Time and again, mergers fail to achieve their potential because management moved too slowly to realize the deal’s top-line growth potential. Acquirers are often slow — shockingly slow — to integrate their sales, marketing, customer experience, and other commercial functions.
Consider, for example, a recent merger in the telecommunications industry that was largely predicated on the belief that the new company could generate $500 million in new growth from increased wallet share and expansion into new international markets and industries. After the deal closed, however, the commercial initiatives got delayed by six to 12 months while management prioritized items like back-office restructuring, headcount reduction, and synergies in third-party spending for IT and similar services. The hoped-for gains — the core of the deal thesis — didn’t begin showing up till well into the second year.

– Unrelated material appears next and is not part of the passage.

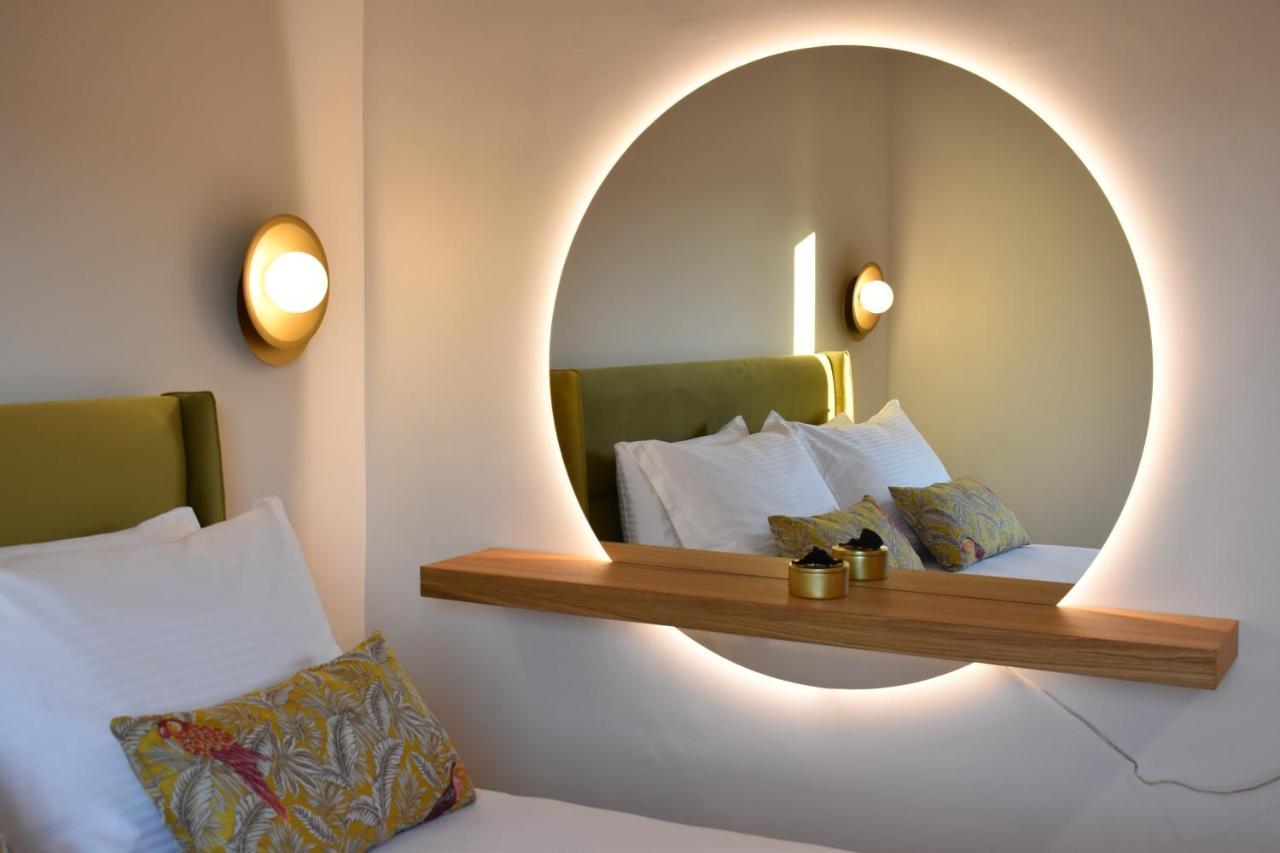 Queen Stella Luxury Homes Rethymno Exterior foto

Or consider an insurance company that made a series of tuck-in acquisitions of small, niche providers with the aim of getting a 12% revenue boost from cross-selling each acquisition’s products to the other’s customers. A year later, gains from cross-selling were less than 5%. A major cause? The integration of various customer relationship management (CRM) systems had left the sales team and senior management unable to see where the gaps, opportunities, and successes were.
Delayed and ineffective commercial integration can turn a good deal into a loser, because sales growth ultimately determines whether a merger achieves its value-creation goals. Sure, there will be important cost benefits — duplications in overhead, technology, facilities, and more — but those often do little more than cover the premium a buyer pays for control, or (in the case of a competitive sale) get built into the price. At the end of the day, to create value, mergers need top-line gains, too: More sales to more customers, expansion into new territories or market adjacencies, new products and services to sell to existing customers.
But compared to other areas of post-merger activity, the commercial engine starts late, operates uncertainly, and often runs out of gas before reaching its goals. We’re frequently engaged in the latter stages of mergers, particularly when revenue begins to decline. We typically observe unsynchronized sales strategies and ambiguous customer priorities, coupled with limited synergy between products and services.
These experiences have also shown us the underlying causes of these delays and what acquiring companies should have been doing. With M&A activity picking up — Goldman Sachs reports a year-over-year 34% increase in the first quarter of 2024 — and high interest rates making delay costlier, it’s more important than ever that private equity and corporate acquirers leave the deal table with underwriteable, ready-to-go plans to make deals pay off through growth — and carry those plans out quickly.
Integrating commercial operations is difficult. In our work with clients, we see five interlocking challenges:
Buyers start out at a disadvantage because they can learn less about customers in the due diligence process than they can about operations, finances, and payroll. Even after closing, it may be hard to see a complete picture of the new company’s business with a given customer because of different, not-yet-fully integrated systems and processes.